**Task item**
The expected output is each line below containing "Chemical", copied in full.

**Caption-style text data**
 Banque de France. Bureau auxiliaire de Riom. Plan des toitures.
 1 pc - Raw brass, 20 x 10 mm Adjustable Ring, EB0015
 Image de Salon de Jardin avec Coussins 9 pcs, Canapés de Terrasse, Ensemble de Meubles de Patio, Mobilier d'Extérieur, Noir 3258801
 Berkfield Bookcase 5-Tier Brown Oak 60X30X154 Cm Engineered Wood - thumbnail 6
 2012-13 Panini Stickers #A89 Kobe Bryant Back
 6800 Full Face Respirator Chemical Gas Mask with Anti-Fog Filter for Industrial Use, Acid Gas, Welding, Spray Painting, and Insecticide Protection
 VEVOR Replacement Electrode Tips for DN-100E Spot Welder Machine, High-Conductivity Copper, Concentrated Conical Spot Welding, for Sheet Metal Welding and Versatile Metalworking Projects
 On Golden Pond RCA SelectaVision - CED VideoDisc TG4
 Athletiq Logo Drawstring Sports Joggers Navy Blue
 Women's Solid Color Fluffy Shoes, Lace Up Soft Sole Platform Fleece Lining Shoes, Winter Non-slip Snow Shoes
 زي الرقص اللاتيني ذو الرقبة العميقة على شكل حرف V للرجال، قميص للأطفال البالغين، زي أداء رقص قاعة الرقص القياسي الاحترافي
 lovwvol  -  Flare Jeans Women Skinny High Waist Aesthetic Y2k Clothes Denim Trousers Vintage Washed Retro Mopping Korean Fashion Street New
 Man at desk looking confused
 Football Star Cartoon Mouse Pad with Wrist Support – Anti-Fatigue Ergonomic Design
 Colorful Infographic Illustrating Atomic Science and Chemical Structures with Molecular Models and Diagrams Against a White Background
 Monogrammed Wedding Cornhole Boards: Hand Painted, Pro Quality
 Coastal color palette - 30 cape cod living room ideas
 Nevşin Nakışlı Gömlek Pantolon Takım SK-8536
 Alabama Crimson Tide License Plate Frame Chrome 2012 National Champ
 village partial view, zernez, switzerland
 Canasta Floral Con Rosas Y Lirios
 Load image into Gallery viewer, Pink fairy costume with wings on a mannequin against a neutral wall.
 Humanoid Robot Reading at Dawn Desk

**Task result**
 6800 Full Face Respirator Chemical Gas Mask with Anti-Fog Filter for Industrial Use, Acid Gas, Welding, Spray Painting, and Insecticide Protection
 Colorful Infographic Illustrating Atomic Science and Chemical Structures with Molecular Models and Diagrams Against a White Background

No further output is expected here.